The Future of Drones in Business and Commerce
The future of drones being used commercially by businesses is no longer as far off as many thought. Instead, it has already begun.
Drones have quickly become majorly invested in tools for tech and retail giants like Amazon, Facebook, Wal-Mart, and Google, not to mention the various industries like Real Estate, Police and Fire Departments, Farming, Cinema, Construction, and Photography that stand to benefit greatly from commercial drone use.
Many B2B business executives are quick to write-off drones as not necessarily crucial or beneficial to their bottom line, however business execs with their finger on the pulse of tech trends and updates realize the myriad of benefits drones could offer by integrating the tech into their operations.

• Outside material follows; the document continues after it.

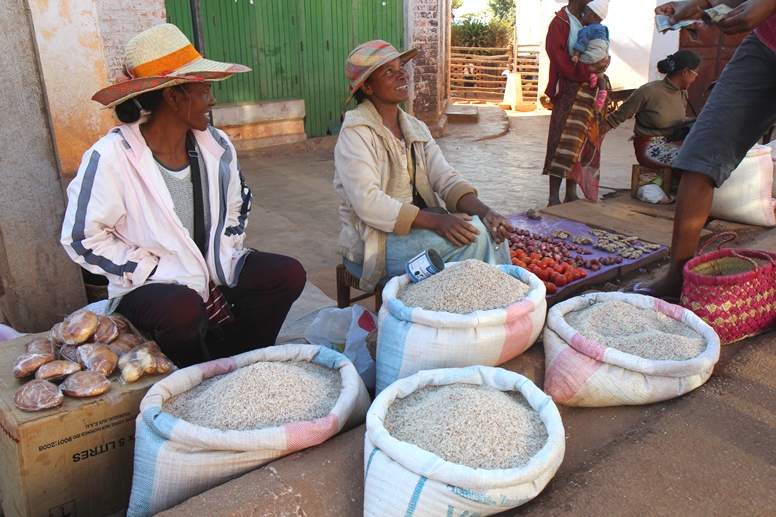 rice vendor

Here’s a look at the future of drones in business and commerce and the impending disruption of the marketplace that has already been initiated.
Future of Drones in the Marketplace:
When drones were first introduced as a potential means of delivery back in 2013 by Amazon’s CEO, Jeff Bezos, the world took notice, but many figured the future of drones delivering actual products to customers was at least five to 10 years away.
Not only have they already begun being used as a delivery option in some cities, but drones are also being used commercially as first-aid vehicles, tools for police departments, high-tech photography and recording devices for real estate properties, concerts, sporting events, and more, and later this year Facebook, more specifically Mark Zuckerburg, hopes to have drones in the sky delivering Internet to under-served regions.
Tech and eCommerce giants like Google, Amazon, Wal-Mart, Alibaba, and Facebook have all been hard at work developing and creating their own drone prototypes and many have started testing these delivery systems with customers. Gur Kimchi, the Amazon executive in charge of its Prime Air drone project, discussed how drones are a more effective means of delivery than droids and that the company plans on covering 80 to 90 percent of their shipments with drone delivery in the near future, according to a recent Bloomberg article.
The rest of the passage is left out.